Australian galleries are in an artful slump as the market fractures and art dealers struggle to adapt to the online space and changing audience behaviour, one of the country’s top critics says.

Susan McCulloch, a long-time art critic turned consultant and private curator, believes new shoots on the Australian gallery landscape indicate a “renewed faith” in the sector. But times remain tough for many, and galleries must do a better job adapting to a shifting, globalised market.

McCulloch was national art critic for The Australian, co-author and publisher of her father Alan McCulloch’s art bible Encyclopedia of Australian Art and is now a contributing writer for the Australian Financial Review and an academic at RMIT in Melbourne. For the last few years McCulloch has concentrated on her consultancy and three years ago turned the downstairs of her Mornington Peninsula property into a private gallery where she holds three to four exhibitions a year.

McCulloch has watched the “huge downturn” in the Australian art sector, dragged down by economic woes and retail declines. But she also believes art has suffered an identify crisis that it is only now grappling with.

“There’s a far greater blurring of what defines ‘art’,” she told Crikey‘s Daily Review. “YouTube, digital media, blogs, etc, and greater links between art and design encourage the concept that anyone can be an artist. Also, art’s becoming increasingly a lifestyle/leisure activity like cafes, wineries, etc. Public galleries encourage this and need to bring in a younger audience and art fairs, which do similar, are flourishing.

“The ways in which some galleries present themselves is also changing. The personality of the owner is often far more visible in commentary, blogs, etc, and opportunities are made for clients to interact with artists at social occasions. Economic necessity has also lead to some interesting gallery partnerships. Venues for seeing art are opening up — artists are opening their studios and houses for showings and home galleries such as ours are on the rise too. It’s a case of adapt or die.”

The decline in Australian art comes during a boom overseas. The local scene, according to McCulloch, lacks the same buzz — too far away and too “insular” to capitalise.

“Internationally the wealth is just enormous and there are whole new levels of it with fresh wealthy and super-wealthy buyers from Asia, the Middle East and elsewhere,” she said. “Europe, the UK and the US also have a far more integrally established cultural base that blossoms once the economy improves even slightly. Then there’s the constant search for the new, hottest art place. There’s a kind of fervour about this. China, London, Paris, Berlin have all been hailed as the contemporary art capitals of the world in the recent past. Now it’s Brazil’s turn and maybe Colombia’s next. Art fairs like Art Basel, Art Cologne, Art Basel Miami Beach etc all help create a buzz and position art as a ‘must-have’ commodity.”

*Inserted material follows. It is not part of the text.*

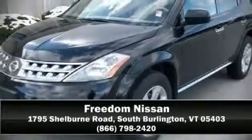Are you ready to experience this vehicle for yourself? Call now and schedule a test drive.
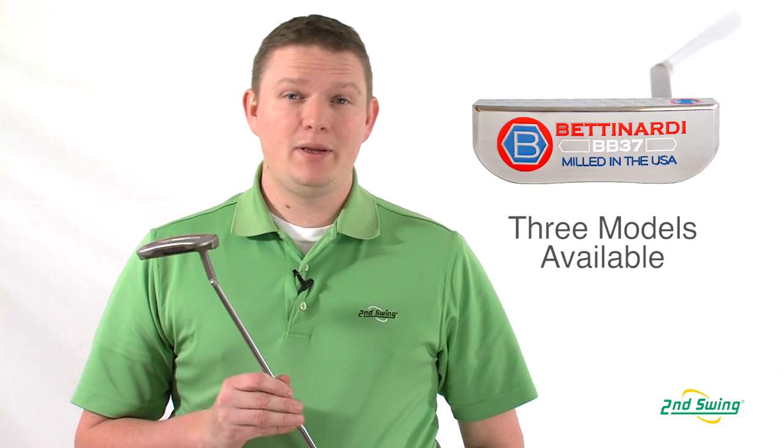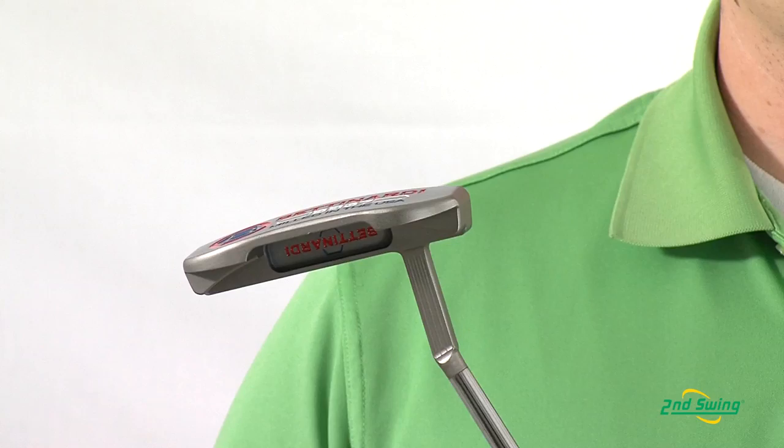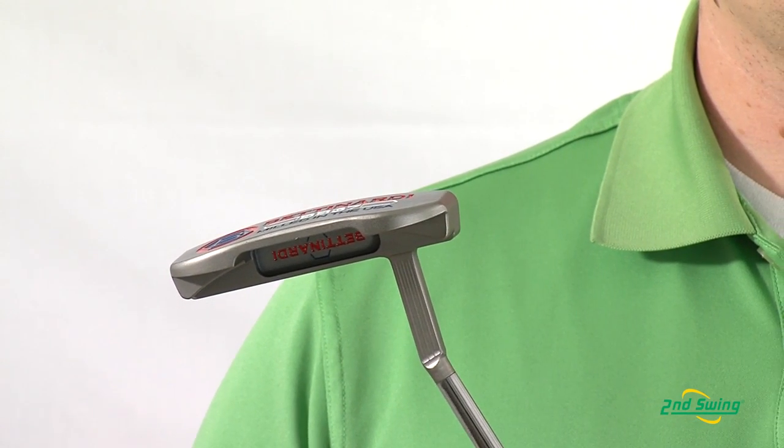Hi, this is Tyler Bauman from Second Swing Golf, here today to talk about the 2013 Betonardi BB Series putters. The BB Series comes in three different models: the BB-1, the BB-34, and the BB-37 that you see here.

The list of casualties on the domestic gallery scene are mounting, says McCulloch. As for the new spaces emerging, “how long they will last is anyone’s guess”.

“As some galleries are closing, or transforming themselves into project-based entities, new ones are opening … it does indicate a renewed faith,” McCulloch said. “Certainly, there’s a definite public eagerness to both explore art and buy it. However, more than ever galleries need to find new ways of showing and proactively marketing their artists and their work rather than waiting passively for clients to come to them. Those who crack this seem to be doing well.”

McCulloch’s new show — Summer Collectors Show 2014 — features 80 works from Aboriginal art centres around the country. Overseas, Australian art is not widely recognised or understood; poor reviews for the recent Australia exhibition at the Royal Academy in London haven’t helped the cause. “It certainly hasn’t encouraged the perception of Australia as one of the world’s fine or most interesting art countries and it’ll be hard to now work from a defensive base to overcome this,” McCulloch said.

“Our art and its market is largely still quite insular. Again, this doesn’t mean it’s not successful here — just that it’s still by and large a world unto itself. We need to be discovered as the next hottest art country … if only.”